**PROBLEM DETAILS**
For this exercise, repeat every line of the material exactly.

**SOURCE INFORMATION**

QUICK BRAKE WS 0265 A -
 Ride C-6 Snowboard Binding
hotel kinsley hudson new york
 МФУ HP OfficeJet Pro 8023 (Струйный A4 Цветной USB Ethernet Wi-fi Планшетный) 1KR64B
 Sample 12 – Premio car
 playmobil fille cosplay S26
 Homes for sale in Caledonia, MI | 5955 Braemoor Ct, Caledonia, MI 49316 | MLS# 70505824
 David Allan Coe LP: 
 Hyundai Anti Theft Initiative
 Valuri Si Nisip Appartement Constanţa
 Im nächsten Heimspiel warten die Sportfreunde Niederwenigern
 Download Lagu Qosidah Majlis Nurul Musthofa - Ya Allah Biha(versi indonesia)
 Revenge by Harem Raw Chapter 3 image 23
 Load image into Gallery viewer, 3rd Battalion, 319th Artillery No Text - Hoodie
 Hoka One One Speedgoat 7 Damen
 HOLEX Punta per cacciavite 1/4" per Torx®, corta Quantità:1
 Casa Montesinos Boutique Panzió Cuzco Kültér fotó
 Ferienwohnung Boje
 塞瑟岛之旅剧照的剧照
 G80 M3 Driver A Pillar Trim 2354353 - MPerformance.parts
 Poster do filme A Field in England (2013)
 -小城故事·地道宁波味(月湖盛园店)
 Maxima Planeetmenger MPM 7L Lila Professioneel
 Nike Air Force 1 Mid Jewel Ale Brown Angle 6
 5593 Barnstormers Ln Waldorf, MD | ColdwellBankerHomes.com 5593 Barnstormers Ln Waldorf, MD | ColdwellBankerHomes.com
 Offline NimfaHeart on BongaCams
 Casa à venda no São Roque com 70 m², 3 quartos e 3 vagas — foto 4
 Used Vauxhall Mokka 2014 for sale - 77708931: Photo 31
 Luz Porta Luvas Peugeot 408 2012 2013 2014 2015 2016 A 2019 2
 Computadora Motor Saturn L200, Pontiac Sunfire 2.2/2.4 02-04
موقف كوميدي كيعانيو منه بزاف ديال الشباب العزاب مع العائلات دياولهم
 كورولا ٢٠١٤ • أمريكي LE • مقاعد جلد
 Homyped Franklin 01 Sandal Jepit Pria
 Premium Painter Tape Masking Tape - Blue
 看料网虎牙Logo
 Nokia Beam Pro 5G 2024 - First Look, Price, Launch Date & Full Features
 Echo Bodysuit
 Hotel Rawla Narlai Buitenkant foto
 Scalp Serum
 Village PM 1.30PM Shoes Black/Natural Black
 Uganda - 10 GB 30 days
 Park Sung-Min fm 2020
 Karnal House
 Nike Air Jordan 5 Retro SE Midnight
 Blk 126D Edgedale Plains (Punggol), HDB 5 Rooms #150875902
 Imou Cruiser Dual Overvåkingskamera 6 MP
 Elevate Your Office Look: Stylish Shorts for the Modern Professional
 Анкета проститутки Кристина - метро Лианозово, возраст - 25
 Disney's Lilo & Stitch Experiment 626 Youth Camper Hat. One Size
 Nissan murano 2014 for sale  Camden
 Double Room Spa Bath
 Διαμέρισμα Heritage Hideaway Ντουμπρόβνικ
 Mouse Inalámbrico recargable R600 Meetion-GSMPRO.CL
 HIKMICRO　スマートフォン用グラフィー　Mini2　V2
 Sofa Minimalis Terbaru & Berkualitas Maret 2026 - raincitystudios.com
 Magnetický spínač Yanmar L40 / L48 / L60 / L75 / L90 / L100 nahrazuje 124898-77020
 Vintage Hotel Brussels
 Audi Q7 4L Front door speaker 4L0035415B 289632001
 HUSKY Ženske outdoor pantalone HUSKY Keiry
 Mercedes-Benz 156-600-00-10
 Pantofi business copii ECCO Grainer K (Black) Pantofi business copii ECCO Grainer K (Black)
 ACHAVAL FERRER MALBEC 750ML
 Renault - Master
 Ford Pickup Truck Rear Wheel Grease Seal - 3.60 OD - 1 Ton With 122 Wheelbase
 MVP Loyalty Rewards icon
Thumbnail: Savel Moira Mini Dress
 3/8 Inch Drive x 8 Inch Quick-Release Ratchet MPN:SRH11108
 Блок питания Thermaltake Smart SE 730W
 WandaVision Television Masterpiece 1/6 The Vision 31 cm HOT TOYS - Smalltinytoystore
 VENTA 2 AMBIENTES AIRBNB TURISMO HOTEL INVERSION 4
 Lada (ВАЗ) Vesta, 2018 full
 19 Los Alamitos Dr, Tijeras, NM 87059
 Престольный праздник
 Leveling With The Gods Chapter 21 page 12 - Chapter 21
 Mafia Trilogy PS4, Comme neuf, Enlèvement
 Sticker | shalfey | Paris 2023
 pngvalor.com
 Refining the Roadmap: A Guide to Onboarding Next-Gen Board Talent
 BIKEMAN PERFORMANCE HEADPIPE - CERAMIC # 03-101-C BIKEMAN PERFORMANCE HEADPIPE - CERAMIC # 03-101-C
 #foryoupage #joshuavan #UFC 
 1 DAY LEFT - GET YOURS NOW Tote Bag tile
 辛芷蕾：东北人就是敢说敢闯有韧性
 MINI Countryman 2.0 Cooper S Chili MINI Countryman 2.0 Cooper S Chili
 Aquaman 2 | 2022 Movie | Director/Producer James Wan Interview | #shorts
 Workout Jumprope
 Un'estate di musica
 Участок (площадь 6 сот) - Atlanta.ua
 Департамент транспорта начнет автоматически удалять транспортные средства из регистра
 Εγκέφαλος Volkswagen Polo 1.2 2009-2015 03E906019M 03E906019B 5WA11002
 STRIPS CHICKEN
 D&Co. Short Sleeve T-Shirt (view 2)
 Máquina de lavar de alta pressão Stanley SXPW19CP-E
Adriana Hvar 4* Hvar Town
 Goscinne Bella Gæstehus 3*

**EXERCISE SOLUTION**
QUICK BRAKE WS 0265 A -
 Ride C-6 Snowboard Binding
hotel kinsley hudson new york
 МФУ HP OfficeJet Pro 8023 (Струйный A4 Цветной USB Ethernet Wi-fi Планшетный) 1KR64B
 Sample 12 – Premio car
 playmobil fille cosplay S26
 Homes for sale in Caledonia, MI | 5955 Braemoor Ct, Caledonia, MI 49316 | MLS# 70505824
 David Allan Coe LP: 
 Hyundai Anti Theft Initiative
 Valuri Si Nisip Appartement Constanţa
 Im nächsten Heimspiel warten die Sportfreunde Niederwenigern
 Download Lagu Qosidah Majlis Nurul Musthofa - Ya Allah Biha(versi indonesia)
 Revenge by Harem Raw Chapter 3 image 23
 Load image into Gallery viewer, 3rd Battalion, 319th Artillery No Text - Hoodie
 Hoka One One Speedgoat 7 Damen
 HOLEX Punta per cacciavite 1/4" per Torx®, corta Quantità:1
 Casa Montesinos Boutique Panzió Cuzco Kültér fotó
 Ferienwohnung Boje
 塞瑟岛之旅剧照的剧照
 G80 M3 Driver A Pillar Trim 2354353 - MPerformance.parts
 Poster do filme A Field in England (2013)
 -小城故事·地道宁波味(月湖盛园店)
 Maxima Planeetmenger MPM 7L Lila Professioneel
 Nike Air Force 1 Mid Jewel Ale Brown Angle 6
 5593 Barnstormers Ln Waldorf, MD | ColdwellBankerHomes.com 5593 Barnstormers Ln Waldorf, MD | ColdwellBankerHomes.com
 Offline NimfaHeart on BongaCams
 Casa à venda no São Roque com 70 m², 3 quartos e 3 vagas — foto 4
 Used Vauxhall Mokka 2014 for sale - 77708931: Photo 31
 Luz Porta Luvas Peugeot 408 2012 2013 2014 2015 2016 A 2019 2
 Computadora Motor Saturn L200, Pontiac Sunfire 2.2/2.4 02-04
موقف كوميدي كيعانيو منه بزاف ديال الشباب العزاب مع العائلات دياولهم
 كورولا ٢٠١٤ • أمريكي LE • مقاعد جلد
 Homyped Franklin 01 Sandal Jepit Pria
 Premium Painter Tape Masking Tape - Blue
 看料网虎牙Logo
 Nokia Beam Pro 5G 2024 - First Look, Price, Launch Date & Full Features
 Echo Bodysuit
 Hotel Rawla Narlai Buitenkant foto
 Scalp Serum
 Village PM 1.30PM Shoes Black/Natural Black
 Uganda - 10 GB 30 days
 Park Sung-Min fm 2020
 Karnal House
 Nike Air Jordan 5 Retro SE Midnight
 Blk 126D Edgedale Plains (Punggol), HDB 5 Rooms #150875902
 Imou Cruiser Dual Overvåkingskamera 6 MP
 Elevate Your Office Look: Stylish Shorts for the Modern Professional
 Анкета проститутки Кристина - метро Лианозово, возраст - 25
 Disney's Lilo & Stitch Experiment 626 Youth Camper Hat. One Size
 Nissan murano 2014 for sale  Camden
 Double Room Spa Bath
 Διαμέρισμα Heritage Hideaway Ντουμπρόβνικ
 Mouse Inalámbrico recargable R600 Meetion-GSMPRO.CL
 HIKMICRO　スマートフォン用グラフィー　Mini2　V2
 Sofa Minimalis Terbaru & Berkualitas Maret 2026 - raincitystudios.com
 Magnetický spínač Yanmar L40 / L48 / L60 / L75 / L90 / L100 nahrazuje 124898-77020
 Vintage Hotel Brussels
 Audi Q7 4L Front door speaker 4L0035415B 289632001
 HUSKY Ženske outdoor pantalone HUSKY Keiry
 Mercedes-Benz 156-600-00-10
 Pantofi business copii ECCO Grainer K (Black) Pantofi business copii ECCO Grainer K (Black)
 ACHAVAL FERRER MALBEC 750ML
 Renault - Master
 Ford Pickup Truck Rear Wheel Grease Seal - 3.60 OD - 1 Ton With 122 Wheelbase
 MVP Loyalty Rewards icon
Thumbnail: Savel Moira Mini Dress
 3/8 Inch Drive x 8 Inch Quick-Release Ratchet MPN:SRH11108
 Блок питания Thermaltake Smart SE 730W
 WandaVision Television Masterpiece 1/6 The Vision 31 cm HOT TOYS - Smalltinytoystore
 VENTA 2 AMBIENTES AIRBNB TURISMO HOTEL INVERSION 4
 Lada (ВАЗ) Vesta, 2018 full
 19 Los Alamitos Dr, Tijeras, NM 87059
 Престольный праздник
 Leveling With The Gods Chapter 21 page 12 - Chapter 21
 Mafia Trilogy PS4, Comme neuf, Enlèvement
 Sticker | shalfey | Paris 2023
 pngvalor.com
 Refining the Roadmap: A Guide to Onboarding Next-Gen Board Talent
 BIKEMAN PERFORMANCE HEADPIPE - CERAMIC # 03-101-C BIKEMAN PERFORMANCE HEADPIPE - CERAMIC # 03-101-C
 #foryoupage #joshuavan #UFC 
 1 DAY LEFT - GET YOURS NOW Tote Bag tile
 辛芷蕾：东北人就是敢说敢闯有韧性
 MINI Countryman 2.0 Cooper S Chili MINI Countryman 2.0 Cooper S Chili
 Aquaman 2 | 2022 Movie | Director/Producer James Wan Interview | #shorts
 Workout Jumprope
 Un'estate di musica
 Участок (площадь 6 сот) - Atlanta.ua
 Департамент транспорта начнет автоматически удалять транспортные средства из регистра
 Εγκέφαλος Volkswagen Polo 1.2 2009-2015 03E906019M 03E906019B 5WA11002
 STRIPS CHICKEN
 D&Co. Short Sleeve T-Shirt (view 2)
 Máquina de lavar de alta pressão Stanley SXPW19CP-E
Adriana Hvar 4* Hvar Town
 Goscinne Bella Gæstehus 3*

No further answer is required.